Helping you as a writer (regardless of your experience) earn $100 per list article you submit, as long as it gets accepted.

Whatever reason takes you there, Listverse guarantees you’ll leave their website smarter, having read, learned, and had fun in the process.

listverse
Screenshot from Listverse

Let’s take a closer look at Listverse, check out what they expect from you as a writer, and if it is worth you writing for them.

Ready? Let’s jump right in!

Listverse Reach

Screenshot from Listverse

It is best that we first understand Listverse’s reach.

But before that, we must mention that their website contains numerous articles with catchy headlines and captivating content. You could easily end up spending 30 minutes or more on Listverse, just consuming their content.

Going by their statistics above, they seem to be doing well: Listverse boasts over 8 million readers whom they claim to serve with over 30 million pages of content per month. (They publish at least three articles per day.)

Talking of 30 million content pages a month…that definitely involves a lot of writing.

And that’s where you come in and save the day.

How? By writing for them! In return, they will pay you $100 per listicle.

But how do you go about writing and submitting a list article that gets accepted by the Listverse editors? Keep reading to find out.

Quick Overview of Listverse

In order for you to be able to work from home for Listverse and earn $100, you have to take a closer look at their website.

But before we go into the details, here’s why you need to pay closer attention to their website:

  • To be conversant with the type of content they typically publish
  • To learn their writing tone
  • To know the trending topics
  • To learn what they seem to avoid

Luckily, we went ahead and did a quick scan on the Listverse website and noticed a few interesting things we’ll gladly share with you.

The Headline

Firstly, each of their headlines is magnetic. Simply put, the headline is captivating enough that you can’t help but click on it.

Another observation is that all their articles are in a list format and with no less than 10 items.

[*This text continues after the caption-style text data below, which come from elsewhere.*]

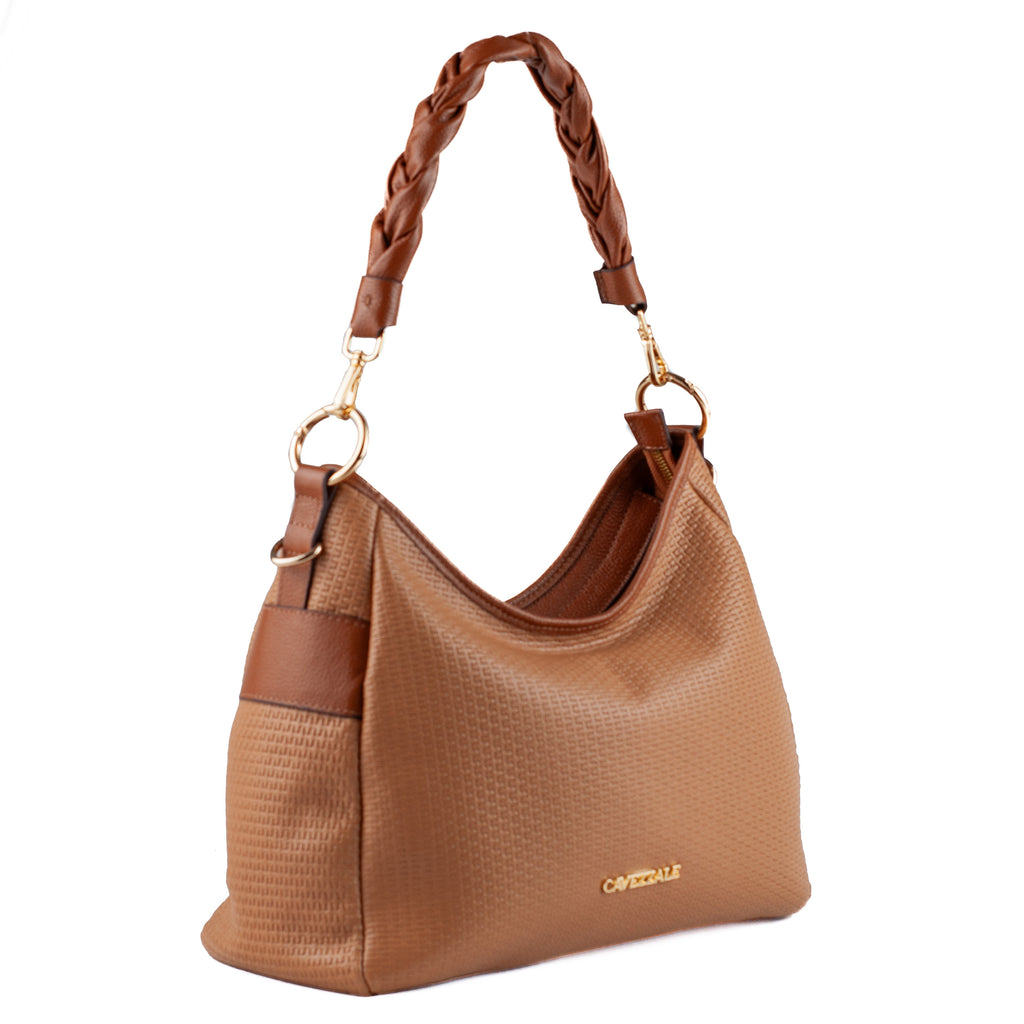 Bolsa Hobo Grande de Couro Soft Cavezzale Caramelo/Whisky 104538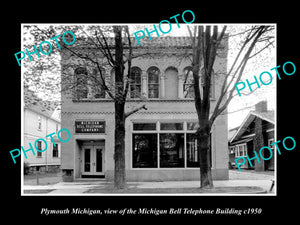 OLD LARGE HISTORIC PHOTO OF PLYMOUTH MICHIGAN, THE BELL TELEPHONE Co c1950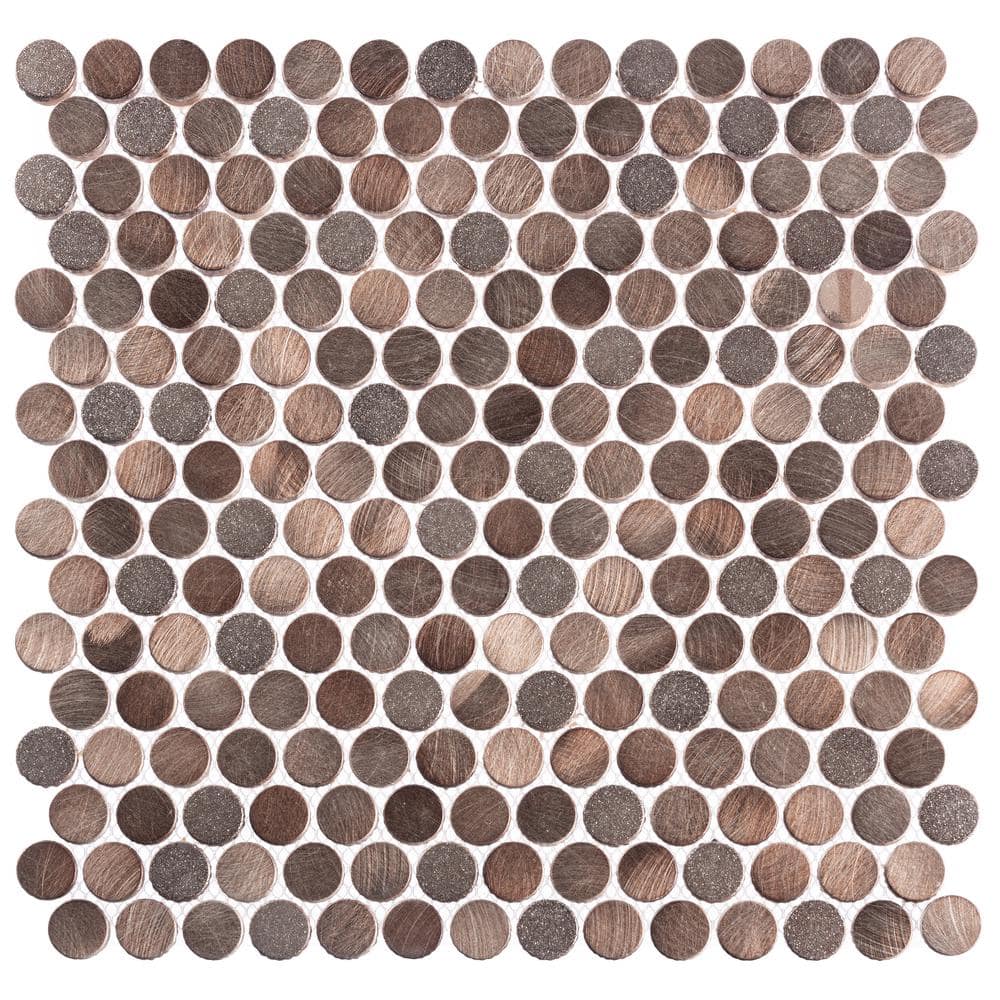 Orb Bron Copper/Gold/Gray 11-4/5 in. x 11-4/5 in. Penny Round Smooth Metal Mosaic Wall Tile (4.85 sq. ft./Case) - Hercitys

Here’s what we’re talking about:

See what we’re talking about?

The Content

Another notable thing is that the content on Listverse is unusual and interesting. There’s nothing ‘boring,’ such as a list of animals, sports, the latest technology, or self-help.

Quick pointers on their content include:

  • The content is popular
  • The content is unique
  • The content is simple to read

That’s what you need to keep in mind if you want to earn money with Listverse.

But what can you write about? Read on.

What Topics Can You Write About for Listverse?

Listverse is keen to receive listicles in the following categories:

  • Bizarre: creepy, mysterious, weird stuff
  • Entertainment: gaming, movies & TV, music, pop culture, arts
  • General knowledge: books, facts, history, misconceptions
  • Lifestyle: food, health, sport, travel
  • Science: animals, humans, our world, space, technology
  • Society: crime, politics, religion

Now that you have an idea of what to write on Listverse, let’s dig deeper into their writing guidelines.

Remember, it’s important you follow their writing guidelines to a tee. Otherwise, your article may get rejected.

And that means you will have wasted your time and energy. And that’s not good.

How to Write and Get Paid by Listverse

Firstly, you don’t need to be an experienced writer. According to Listverse, you just need the ability to put a list together.

In other words, you can easily earn $100 for submitting a list article that passes the scrutiny of their editors (even if you are a total newbie).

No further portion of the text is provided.